(Eyes of the Aloe)
Did you watch a gibbous moon
entangled in those starfish eyes
of wise old thorny Kokerboom
beneath Namakwa’s starry skies?
Did you touch his horny hide
and ask him pardon for your rude
request that he in you confide
his thoughts and secrets un-eschewed?
Did he take you far away
beyond the feeble lunar glow
into his gleaming milky way
to places only Kokers know?
Where spirits fly on angel wings
for starfish eyes can see all things.
© WW Schwim, 2014
Namaqualand in the Northern Cape is famous for its spectacular spring show of daisies but is also host many other strange plants.
The Kokerboom or Quivertree (Aloe dichotomais) is actually a species of aloe that thrives in the harsh conditions of this desolate region.

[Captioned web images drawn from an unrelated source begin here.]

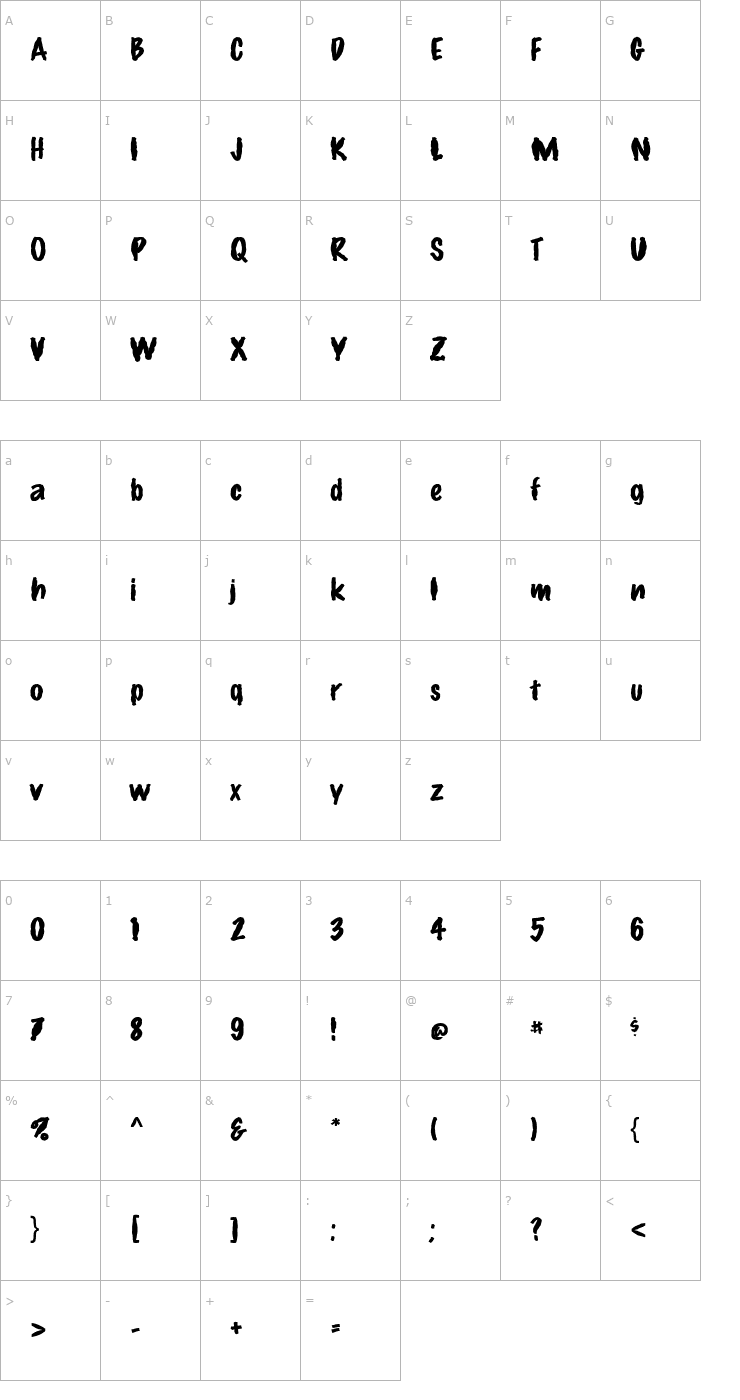 Character Map FZ HAND 14 MANGLED Font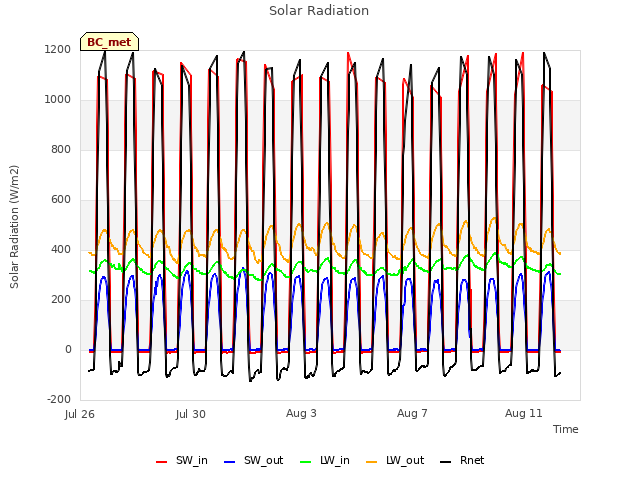 Explore the graph:Solar Radiation in a new window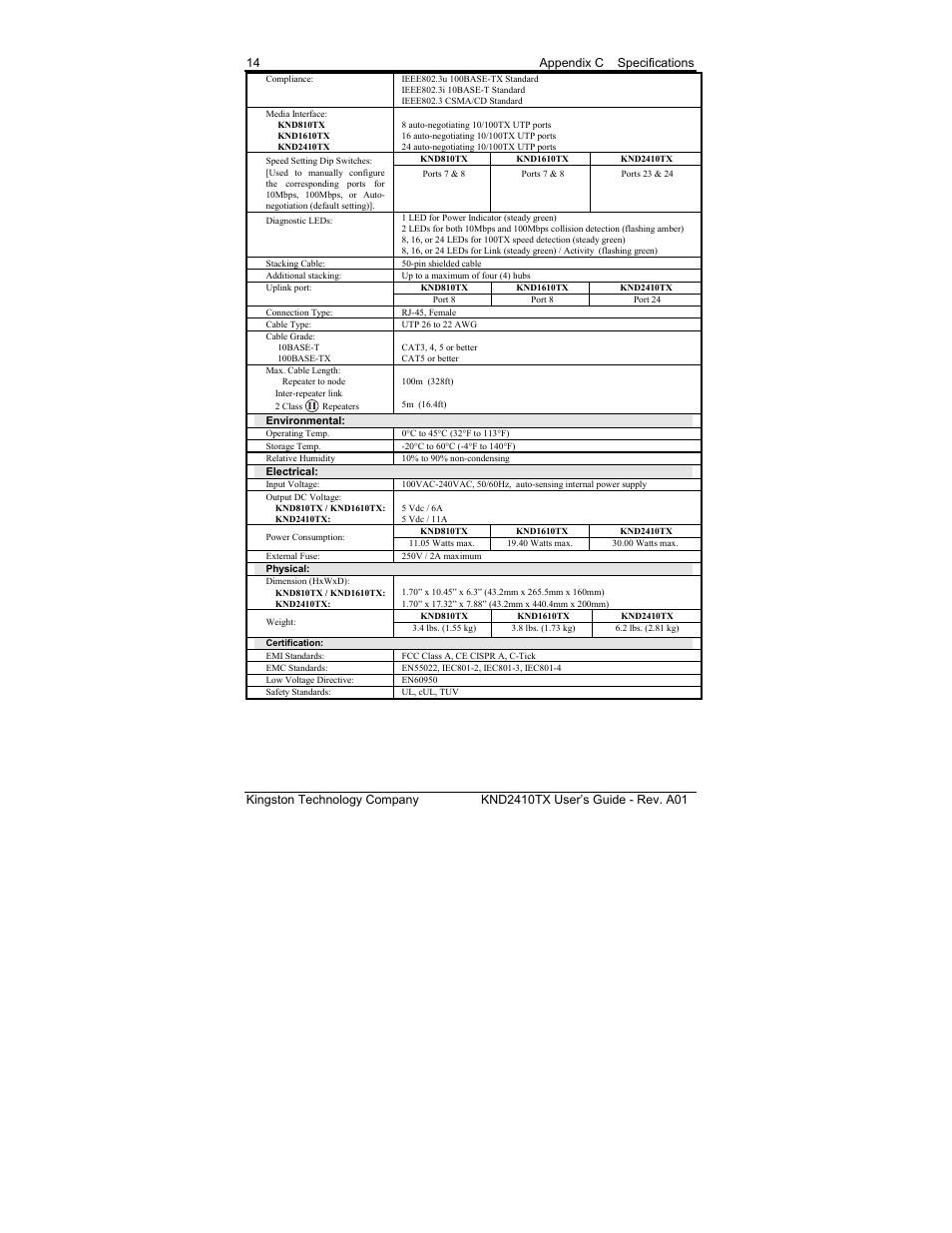 Kingston Technology KND2410TX User Manual | Page 20 / 25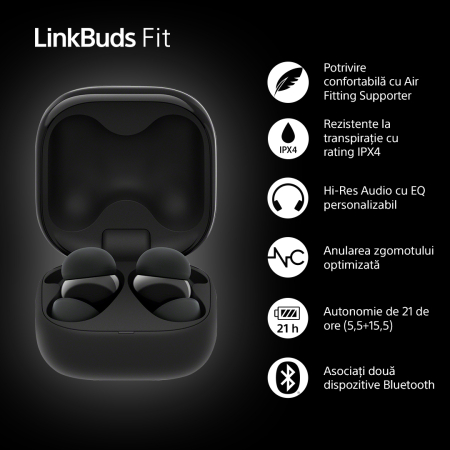 Casti LinkBuds Fit , WF-LS910N + EXTRA 15% REDUCERE [1]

Called Chotje by the indigenous San people who hollowed out the stem to make quivers for their arrows.
Some shaman practices considered it to be a guide in out of body travel.
Patricia Curtis: I disagree with you though I think the Kokerboom is sad and lonely on his rocky perch and can’t wait for the spring rains to bring the barren land to life.
If we can try to ignore what havoc mankind it inflicting on the earth, we can see evidence all around us that it is still a wonderful world.
I don’t just hug trees I talk to plants as well.
Wally Schwim: That old tree is so antisocial he even blossoms in the driest times when the other flowers sleep. Of course that is nature’ s way of providing food for bees and other creatures when they need it most. He not lonely but content in solitude although sometimes gathers in family groups. This is not to say he doesn’t respond to a friendly pat and is actually quite conversational once you get to know him. I think he distrusts people (for good reason) and that is why behaves so threatening to the casual passer by. I slept in a Kokerboom forest once, a very spiritual experience!